A newbie's look at Hadoop
June 03, 2016

A newbie's look at Hadoop

Mark Gargiulo | TrustRadius Reviewer
Score 8 out of 10
Vetted Review
Verified User

Modules Used

  • Hadoop Common
  • Hadoop Distributed File System
  • Hadoop MapReduce
  • Yarn, Oozie, Spark, Hive, Hue

Overall Satisfaction with Hadoop

We needed a robust/redundant system to run multiple simultaneous jobs for our ETL pipeline, this needed distributed storage space, integration with Windows AD user accounts and the ability to expand when needed with little to no downtime.
We are using Cloudera 5.6 to orchestrate the install (along with puppet) and manage the hadoop cluster.
  • The distributed replicated HDFS filesystem allows for fault tolerance and the ability to use low cost JBOD arrays for data storage.
  • Yarn with MapReduce2 gives us a job slot scheduler to fully utilize available compute resources while providing HA and resource management.
  • The hadoop ecosystem allows for the use of many different technologies all using the same compute resources so that your spark, samza, camus, pig and oozie jobs can happily co-exist on the same infrastructure.
  • Without Cloudera as a management interface the hadoop components are much harder to manage to ensure consistency across a cluster.
  • The calculations of hardware resources to job slots/resource management can be quite an exercise in finding that "sweet spot" with your applications, a more transparent way of figuring this out would be welcome.
  • A lot of the roles and management pieces are written in java, which from an administration perspective can have there own issues with garbage collection and memory management.
  • With our current platform (and budget) hadoop is really the only option at this time to gain access to the capacity and technologies we require.
  • So far the only real investment has been hardware and man hours, especially in the initial learning and deployment phase.
As I am new to the hadoop ecosystem I have not used or evaluated any other similar products at this time.

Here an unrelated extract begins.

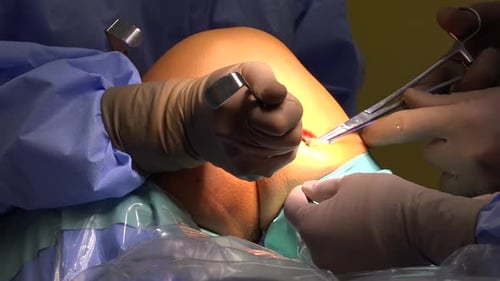 Knee Surgery Close Up in Operating Room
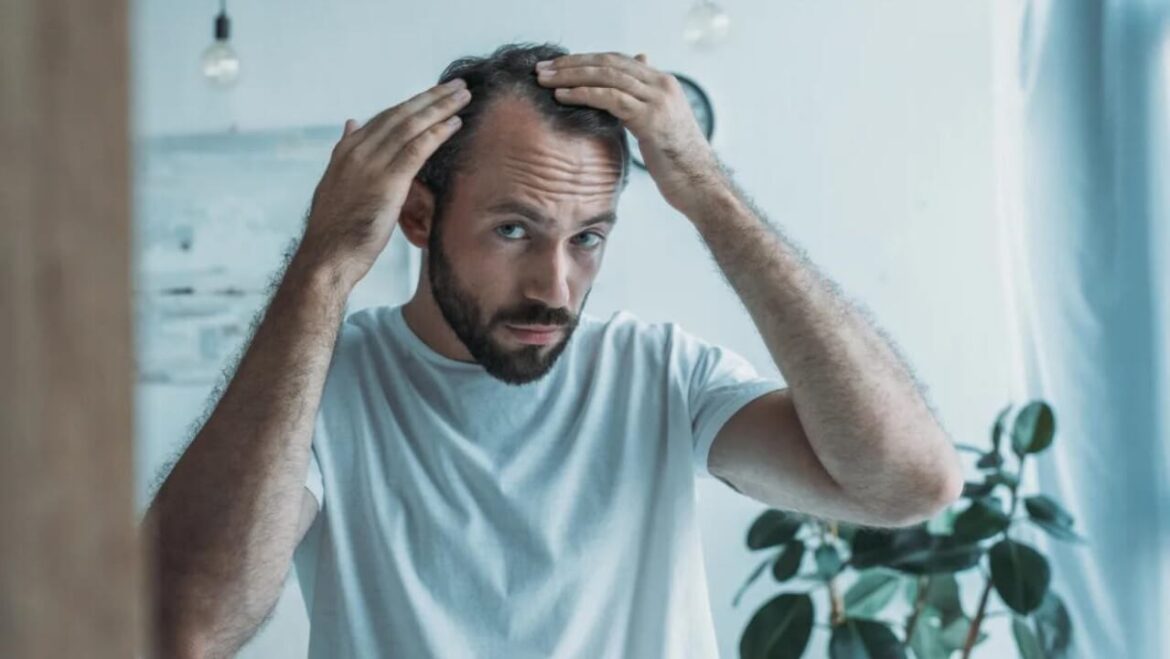 Saisonaler Haarausfall - Hilfe für Männer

This was handed to me from a previous much older installation that was very under utilized. Our new platform will be working the new cluster much harder with jobs that run indefinitely. I'm not sure that any of the other "big data" technologies out there have as many certified components or work with such a diverse collection but as I said I am pretty new to this and so have only tertiary knowledge of competing products.
Hadoop is not for the faint of heart and is not a technology per se but an ecosystem of disparate technologies sitting on top of HDFS. It is certainly powerful but if, like me, you were handed this with no prior knowledge or experience using or administering this ecosystem the learning curve can be significant and ongoing having said that I don't think currently there are many other opensource technologies that can provide the flexibility in the "big data" arena especially for ETL or machine learning.